What’s happened, because some of the best surfers are female, is that it’s often women teaching men! I do think, from an official standpoint and for the development of surfing, it’s crucial there are now local female leaders in the sport, Mona and her friends, Parvaneh from the local village and women from Chabahar. But there’s no stopping women.
It’s great to see fathers and husbands asking me to take their wives and daughters surfing. We actually ran out of surf hijabs and were asked by the village leaders and Dads if we could send more, so more women and girls could go surfing.
On camera there seemed to be no hostility, did you encounter anything off camera?
I can’t say I ever have personally. Apart from the minor freak-out at the local airline when they say the size of the board-bag I was carrying jam-packed with half-dozen boards. They thought it was a boat!
But it can feel tense, you can never fully relax because things we take for granted here can take on whole other meanings over there. It’s so complex because there’s a lot happening below the surface we’re not even aware of…
In a practical sense, how did you get such effective hijabs that never seemed to fall in your face and suffocate you!?
We’re sponsored by an amazing company called Capsters who specialise in making sports hijabs for Muslim women in all kinds of sports including watersports. Salt Gypsy sponsored the beautifully designed surf leggings that were a huge hit!
When you can’t show off your body, a sense of fashion and style becomes hugely important, as well as sourcing surfwear that’s practical in an environment like that.
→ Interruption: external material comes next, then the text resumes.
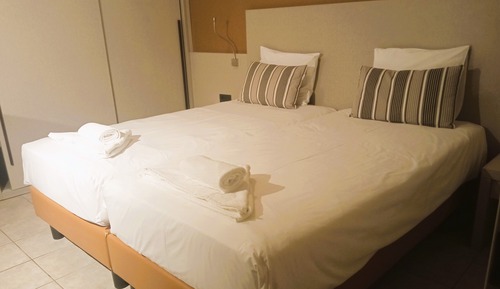 Traditional Apartment, Multiple Beds, Kitchen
I loved how happy surfing made everyone there, did that surprise you?
It surprised me how rapidly it spread. After our follow-up trip there this year with Waves of Freedom’s ‘Surf Seeds’ initiative, it’s growing into a nationwide/International movement and community with their own Instagram page @wesurfiniran.
It’s impossible for me to capture the enormity of this on an emotional and personal level. I had the feeling like my heart and soul had been swept away…just when I think I can’t be surprised, I can’t open my mind anymore, that my heart can’t be touched anymore deeply, something happens that opens my world up even more.
A real high point was seeing young women overcome fear of the unknown, to take that step no one else had, and to go surfing with me…and then to look back and see a group of young kids gathered on the beach copying us, practicing their pop-ups, ready to surf, inspired…and eventually it became a shared experience with these young women from the city and local people from a part of their country that remains largely forgotten.
I’ll never forget a young boy watching us surfing for the first time, and asking if it was something boys could do too!
Was it important to go with an all girl crew?
Yes, that had a big impact in terms of accepting that it’s something that girls can do and helped break some stereotypes from the beginning. I’ll never forget a young boy watching us surfing for the first time, Mona, Shahla, Marion and I, and asking if it was something boys could do too!
I’ve seen so many women of all ages, from tiny girls of 4 years old to Mums in their late 40s embracing the surfing lifestyle and it impacting them personally in terms of a sense of achievement, overcoming fear, feeling energised, alive and yes, that sense of joy and freedom when it all comes together and you stand up on your first wave.
The opportunity to explore and push your limits, test your comfort zone in a totally new environment but one where there is support from other like-minded women and encouragement from both genders, learning from each other. I never could have imagined it.